Já a minha interpretação atribuiria mais importância ao lento processo de construção institucional de uma economia de livre mercado, que tem, como o seu principal marco, a Revolução Gloriosa, com a retirada do poder discricionário do rei de tributar e de gerir a dívida pública, entre tantos outros momentos relevantes, cujo resultado mais visível é a Revolução Industrial.

Mas discutir a centralidade da indústria no Brasil de hoje é, em essência, avaliar os supostos benefícios de políticas públicas que subsidiam pesadamente o investimento, privilegiando setores industriais e que colocam em risco um exitoso regime de política macroeconômica.

Do ponto de vista da relevância para esse debate sobre as opções atuais do Brasil e dos demais "países de desenvolvimento tardio", talvez fosse mais útil Belluzzo comentar, como paralelo à experiência latino-americana, o desenvolvimento econômico da Coreia e do Japão.

Nesse caso, ele poderia enfatizar a capacidade do Estado naqueles países orientais de planejar e carrear poupança para os setores dinâmicos, defendendo o parque produtivo local com uma economia muito fechada, apesar do estímulo às exportações. Poderia defender também a política de promoção de grandes conglomerados econômicos, como no caso dos Chaebols na Coreia do Sul ou dos Zeibatsu no Japão.

Do outro lado do debate, enfatizaria a capacidade dessas economias de construir os melhores sistemas educacionais, incentivando taxas de poupança elevadíssimas, praticando uma política macroeconômica conservadora e constituindo um Estado enxuto com baixa carga tributária e muito eficiente na oferta de serviços públicos em geral.
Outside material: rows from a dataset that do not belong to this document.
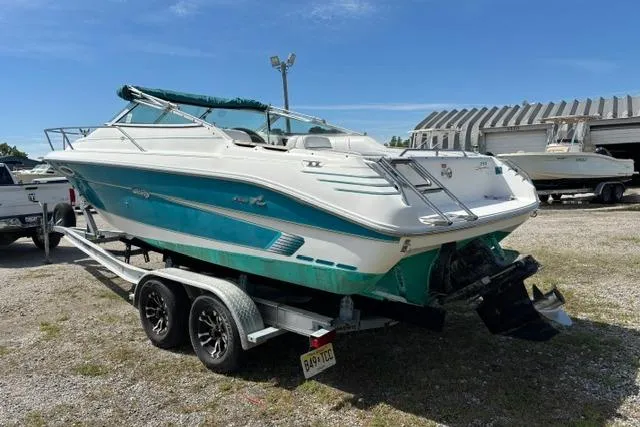 Slide: The Image of 1994 Sea Ray 240 boat on trailer, teal and white design, parked outdoors under clear sky. - 5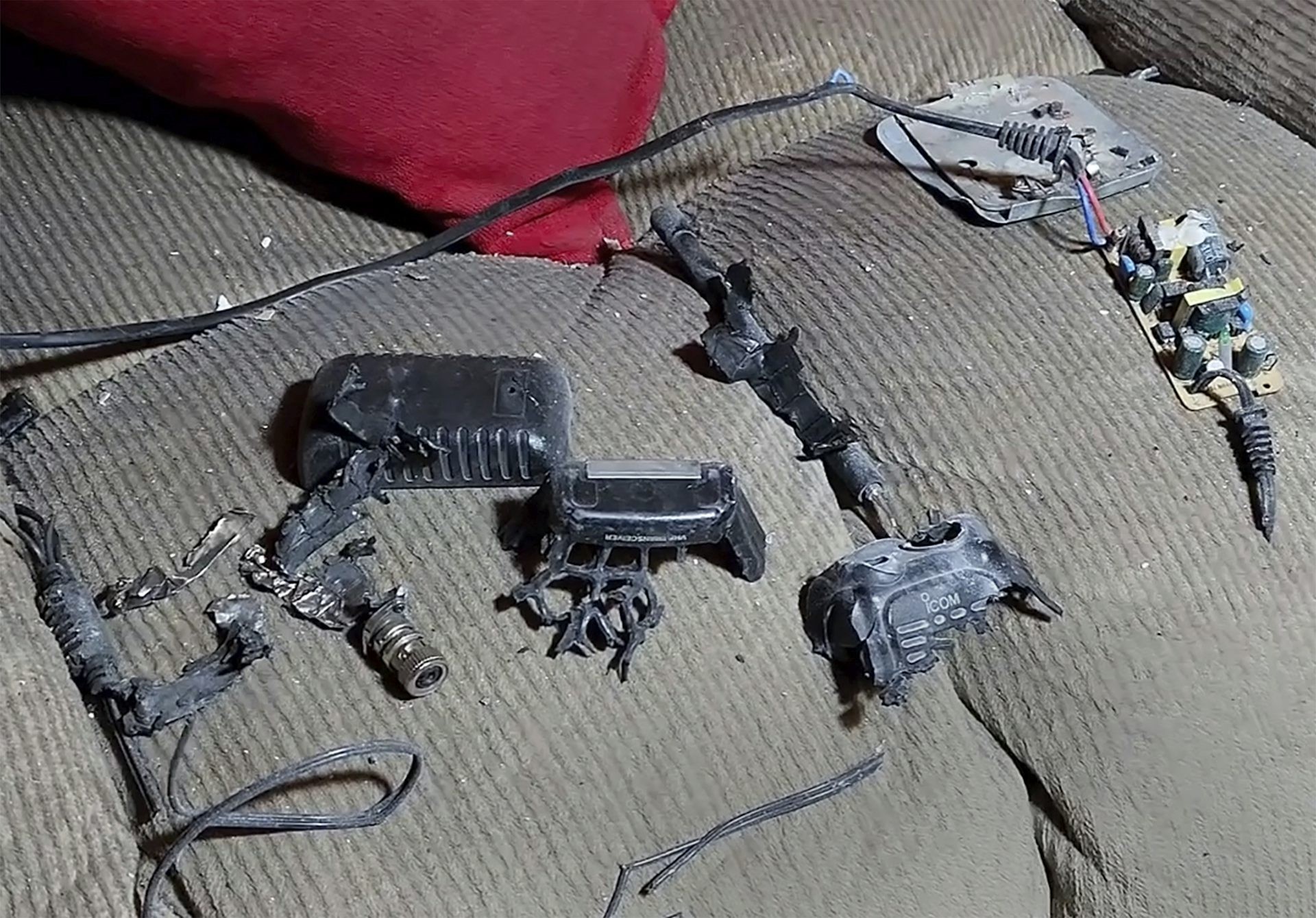 Debris of exploded walkie-talkies used by Hezbollah, showcasing the aftermath of targeted attacks on their low-tech communication devices.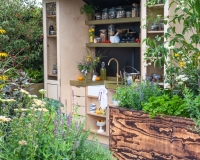 Outdoor kitchen area with raised beds containing herbs, vegetables and perennials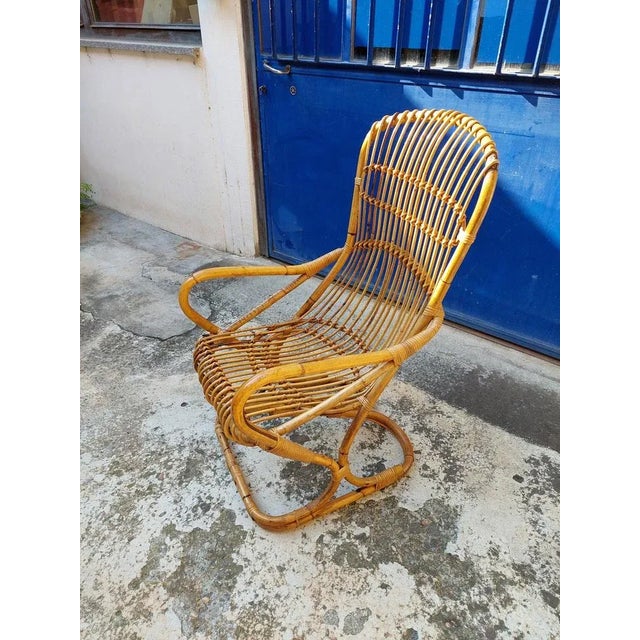 Armchair/chair from living room in bamboo with high backrest, attributed to the designer Tito Agnoli, made in the 1960s....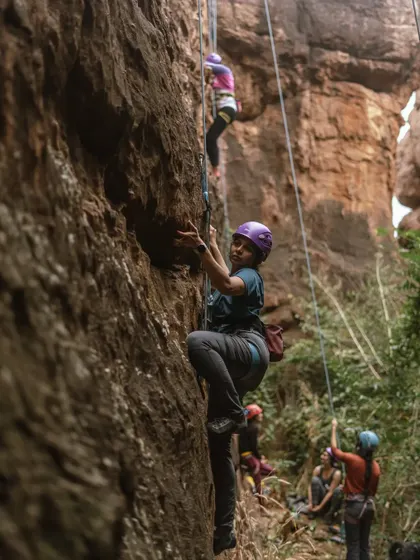 A climber looks back with a smile while on the wall. Our events are filled with these moments of connection and shared encouragement.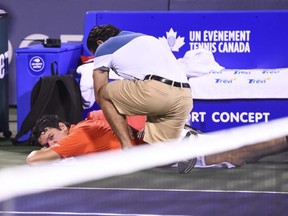 Milos Raonic receives medical attention on the court during his match against Felix Auger-Aliassime at the Rogers Cup at IGA Stadium in Montreal on Aug. 7, 2019.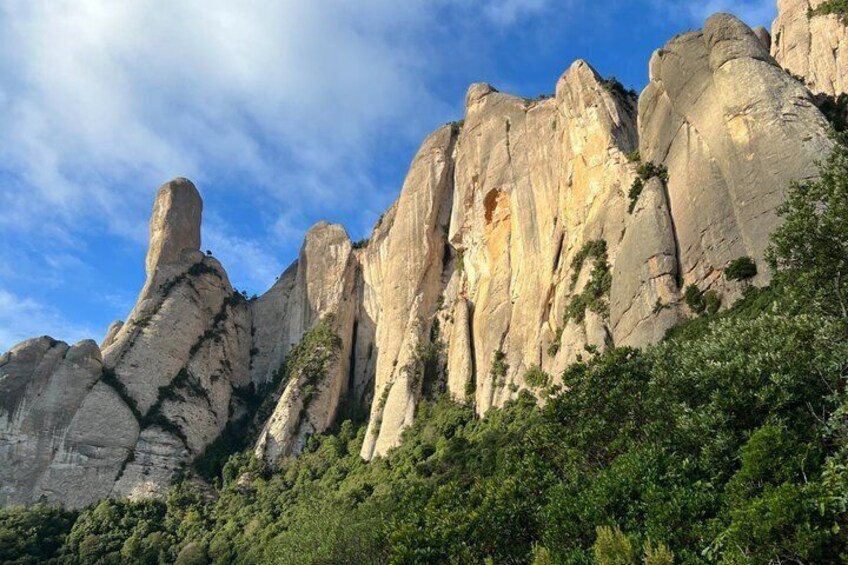 A rugged mountain range with prominent rock formations and dense green foliage at the base. 1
Uma crítica usual é que os meus fatores não causaram o crescimento dos países asiáticos; ao contrário, foram suas consequências. Esse é o debate substantivo.

Em seu artigo, o professor também critica os pesquisadores que insistem em utilizar dados em seus argumentos, demonstrando certa alergia ao penoso labor de quem busca embasar quantitativamente suas afirmações. O professor escanteia a estatística e ironiza aqueles que desejam construir "série temporal que colhe informações desde o neolítico até as primeiras décadas do século 19".

Infelizmente para os que preferem o argumento de autoridade ao debate substanciado em dados, é exatamente isso que os historiadores econômicos têm feito, como Ian Morris, em sua narrativa da história do Ocidente e Oriente no volume "Why the West Rules--For Now: The Patterns of History, and What They Reveal about the Future".

Morris utiliza fartamente um indicador do grau de desenvolvimento social das duas civilizações nos últimos 15 mil anos. Consegue definir com relativa precisão o momento em que, em razão da Revolução Industrial, o Ocidente ultrapassa o Oriente em desenvolvimento social.

Na próxima semana retomo o fio da meada da coluna anterior. Todos estão convidados. Melhor será com menos autoridade e mais argumentos.

Na quinta-feira passada morreu minha amiga e excelente economista Maria Carolina Leme Malaga. Carolina, além da inteligência, caracterizava-se pela assertividade. Era impossível enrolar Carolina. Para nós, que convivíamos com ela, era obrigatório pensar mais e melhor. Fará muita falta.